[PATCH RFC 2/4] nvme-rdma: fix sqsize/hsqsize/hrqsize per spec

Thu Aug 11 09:35:29 PDT 2016

On Thu, 2016-08-11 at 10:03 +0300, Sagi Grimberg wrote:
> 
> On 11/08/16 07:07, Jay Freyensee wrote:
> > 
> > Per NVMe-over-Fabrics 1.0 spec, sqsize is represented as
> > a 0-based value.
> > 
> > Also per spec, the RDMA binding values shall be set
> > to sqsize, which makes hsqsize 0-based values.
> > 
> > Also per spec, but not very clear, is hrqsize is +1
> > of hsqsize.
> > 
> > Thus, the sqsize during NVMf connect() is now:
> > 
> > [root at fedora23-fabrics-host1 for-48]# dmesg
> > [  318.720645] nvme_fabrics: nvmf_connect_admin_queue(): sqsize for
> > admin queue: 31
> > [  318.720884] nvme nvme0: creating 16 I/O queues.
> > [  318.810114] nvme_fabrics: nvmf_connect_io_queue(): sqsize for
> > i/o
> > queue: 127
> > 
> > Reported-by: Daniel Verkamp <daniel.verkamp at intel.com>
> > Signed-off-by: Jay Freyensee <james_p_freyensee at linux.intel.com>
> > ---
> >  drivers/nvme/host/rdma.c | 19 ++++++++++++++++---
> >  1 file changed, 16 insertions(+), 3 deletions(-)
> > 
> > diff --git a/drivers/nvme/host/rdma.c b/drivers/nvme/host/rdma.c
> > index 3e3ce2b..8be64f1 100644
> > --- a/drivers/nvme/host/rdma.c
> > +++ b/drivers/nvme/host/rdma.c
> > @@ -1284,8 +1284,21 @@ static int nvme_rdma_route_resolved(struct
> > nvme_rdma_queue *queue)
> > 
> >  	priv.recfmt = cpu_to_le16(NVME_RDMA_CM_FMT_1_0);
> >  	priv.qid = cpu_to_le16(nvme_rdma_queue_idx(queue));
> > -	priv.hrqsize = cpu_to_le16(queue->queue_size);
> > -	priv.hsqsize = cpu_to_le16(queue->queue_size);
> > +
> > +	/*
> > +	 * On one end, the fabrics spec is pretty clear that
> > +	 * hsqsize variables shall be set to the value of sqsize,
> > +	 * which is a 0-based number. What is confusing is the
> > value for
> > +	 * hrqsize.  After clarification from NVMe spec committee
> > member,
> > +	 * the minimum value of hrqsize is hsqsize+1.
> > +	 */
> > +	if (priv.qid == 0) {
> > +		priv.hsqsize = cpu_to_le16(queue->ctrl-
> > >ctrl.admin_sqsize);
> > +		priv.hrqsize = cpu_to_le16(queue->ctrl-
> > >ctrl.admin_sqsize+1);
> > +	} else {
> > +		priv.hsqsize = cpu_to_le16(queue->ctrl-
> > >ctrl.sqsize);
> > +		priv.hrqsize = cpu_to_le16(queue->ctrl-
> > >ctrl.sqsize+1);
> > +	}
> 
> Huh? (scratch...) using priv.hrqsize = priv.hsqsize+1 is pointless.

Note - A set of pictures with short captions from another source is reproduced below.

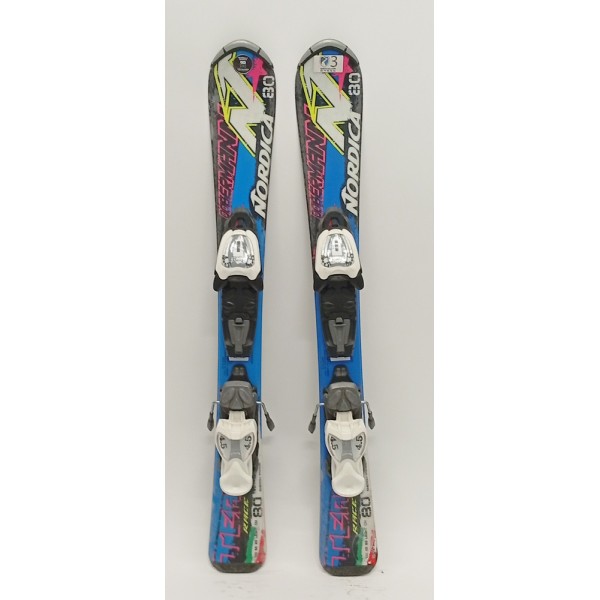 copy of Pack de esquí Nordica Dobermann Team Race J + fijaciones 4.5 NORDICA - 1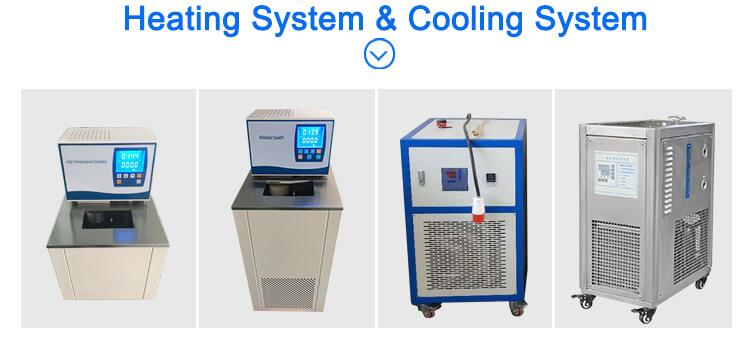 qisqa yo'lli molekulyar distillash uskunalari isitgich va chiller short path molecular distillation equipment heater and chiller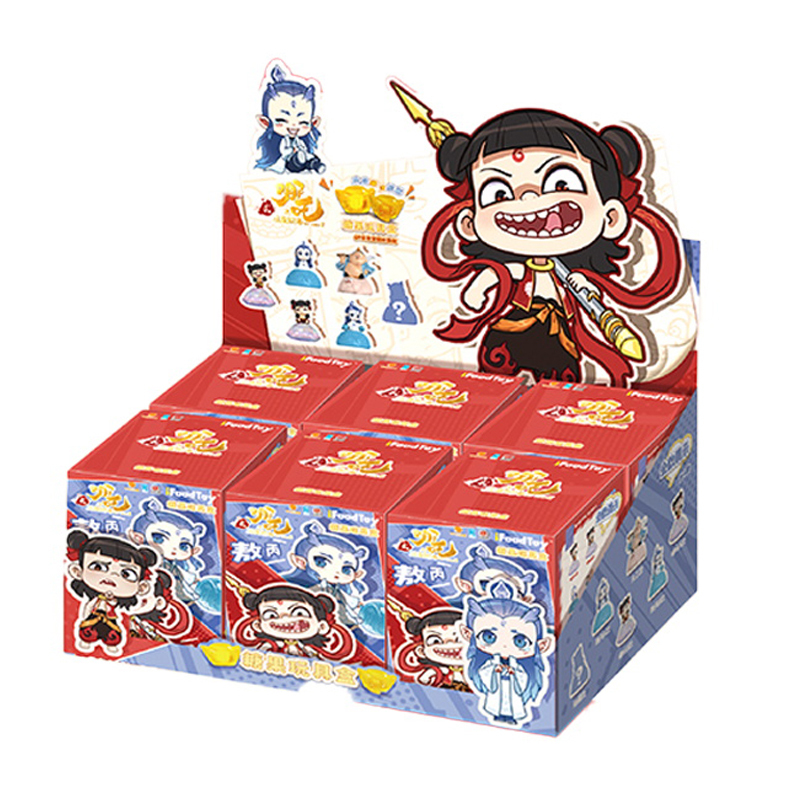 哪吒2之魔童闹海系列正版盲盒潮玩敖丙敖光手办周边摆件玩偶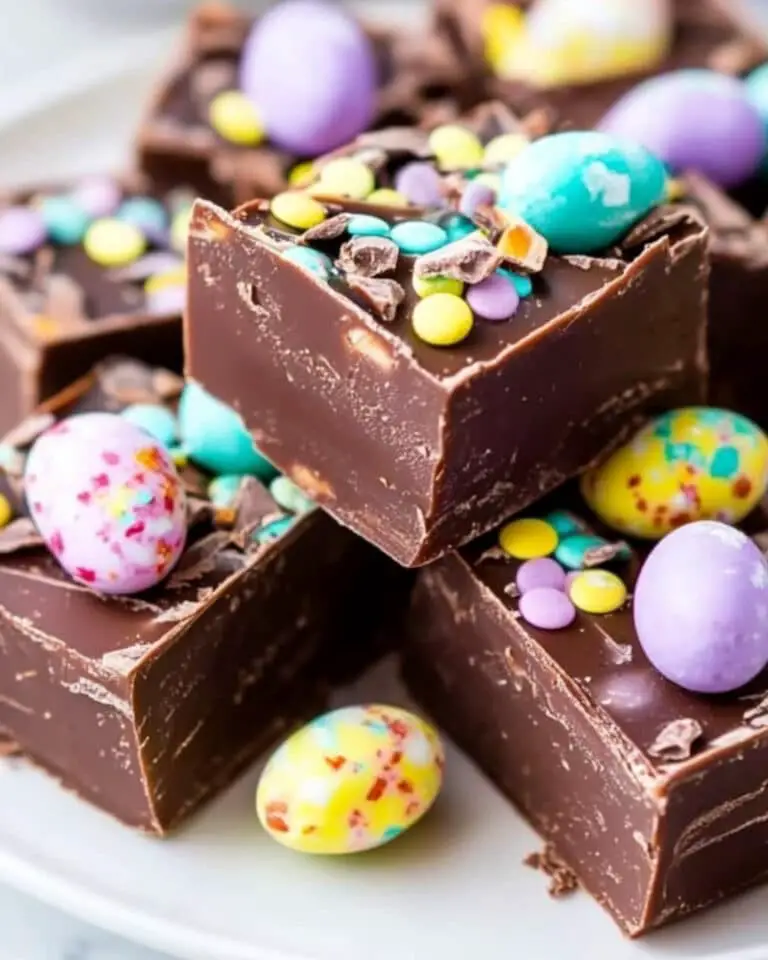 Easter Chocolate Fudge Recipe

It may be pointless, but Dave said that is the current interpretation
of the NVMe-over-Fabrics spec (which I don't really understand either).

> 
> We expose to the block layer X and we send to the target X-1 and
> the target does X+1 (looks goofy, but ok). We also size our RDMA
> send/recv according to X so why on earth would we want to tell the
> target we have a recv queue of size X+1

Could be the reason I see kato timeouts then kernel crashing...